The reward model (RM), as the core component of reinforcement learning from human feedback (RLHF) for large language models (LLMs), responsible for providing reward signals to generated responses. However, the mainstream discriminative reward modeling is inadequate in terms of token-level interaction, making its judgment signals vulnerable to being hacked by misallocated attention to context. This stems from two fundamental limitations: (1) Current preference modeling employs decoder-only architectures, where the unidirectional causal attention mechanism leads to forward-decaying intra-sequence attention within the prompt-response sequence. (2) The independent Siamese-encoding paradigm induces the absence of token-level inter-sequence attention between chosen and rejected sequences. To address this "attention hacking", we propose "Interaction Distillation", a novel training framework for more adequate discriminative reward modeling via attention-level optimization. The method introduces an interaction-based natural language understanding model as the teacher to provide sophisticated token interaction patterns via comprehensive attention, and guides the reward modeling to simulate teacher model's interaction pattern through an attentional alignment objective. Through extensive experiments, interaction distillation has demonstrated its ability to provide more stable and generalizable reward signals compared to state-of-the-art RM optimization methods that target data noise, highlighting the attention hacking constitute a more fundamental limitation in discriminative RM.

Paper Structure

This paper contains 27 sections, 8 equations, 5 figures, 3 tables.

Figures (5)

  • Figure 1: Attentional analysis of the reward model trained on the HH-RLHF dataset on the test set.
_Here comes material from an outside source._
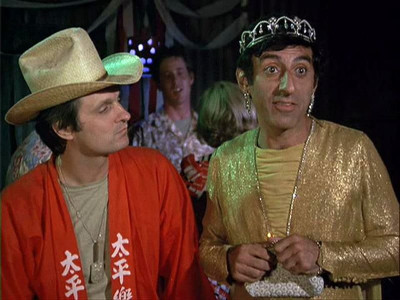MASH-JamieFarr-S3-CheckUp-goldeve.jpg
The line graph shows the average accuracy of the reward model on the test set when masking content at different stages; the bar chart represents the normalized average cumulative attention at each stage from the beginning to the end of the joint prompt-response sequence, where “correct”, “incorrect” denote correctly classified and misclassified sequences.
  • Figure 2: Attentional analysis of two reward model trained on the HH-RLHF dataset on the test set, including attention scores of tokens in the reward model encoding for correct (upper) and incorrect (bottom) decisions.
  • Figure 3: The interaction distillation-based preference modeling framework for reward model (Id-Rm).
  • Figure 4: Attention transfer mechanism in interaction distillation
  • Figure 5: Hyperparameter sensitivity study, for $\eta$ (left) and $K$ (right) respectively.